Two thirds of meningitis survivors unhappy with aftercare
Author: Louise Prime
Almost two thirds of people affected by meningitis were not satisfied with the level of specialist support and aftercare they had received for resulting impairments, according to a new report from the Meningitis Research Foundation (MRF), which is calling for effective aftercare to help survivors to recover their quality of life. The charity also revealed today that although many of the public know that meningitis can kill, most people underestimated or didn’t know about the severe and lifelong potential health consequences of meningitis.
MRF is concerned by recent data showing that vaccine coverage in babies under one year old has declined. It explained that life-changing impairments and after-effects are highly prevalent among survivors of meningitis, and can include: strokes, seizures, hearing loss, limb weakness, and difficulties with sight, speech, language and communication.
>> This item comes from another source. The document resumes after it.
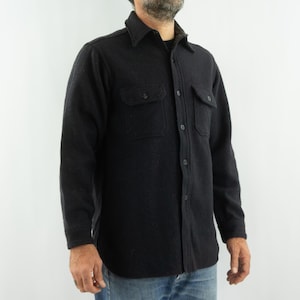 May include: A dark gray button-down shirt with two chest pockets. The shirt has a collared neckline and is made of a textured fabric. The sleeves are long, and the shirt is buttoned up. The shirt is worn over a black undershirt.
It added that newborns are a particularly high-risk population, with acute complications such as fluid accumulation around the brain, and brain abscess. Studies in children have shown that measures of intelligence and learning can be lower on average in meningitis survivors. Septicaemia can also cause severe complications leading to amputations (fingers, toes, limbs), skin scarring and bone growth problems.
Yet the results of a survey that it commissioned from OnePoll, in which it asked 2,000 UK adults and 500 adults in Ireland about their knowledge of the impacts of meningitis, revealed that the public are largely unaware of these problems. The report* found that that:
- Most (90%) did not know deafness was a common after effect of meningitis, despite it being a leading cause of acquired hearing loss.
- Most (87%) also under-estimated or didn’t know how many people were left with impairments as a result of bacterial meningitis.
- More than nine in 10 people surveyed (92%) did not know, or underestimated, the full cost of severe meningitis; MRF estimated the costs to the state for a severe case of meningitis to be in the region of £3‑4.5m over the person’s lifetime.
Separately, via its Facebook audience, MRF asked families and individuals affected by meningitis how they rated the specialist support and aftercare they had received for their resulting impairments. Of 184 respondents:
- 64% felt dissatisfied or very dissatisfied with assessment for long-term effects of meningitis
- 61% felt dissatisfied or very dissatisfied with information they were given on long-term effects of meningitis
- 68% were dissatisfied or very dissatisfied about their post-discharge recovery review.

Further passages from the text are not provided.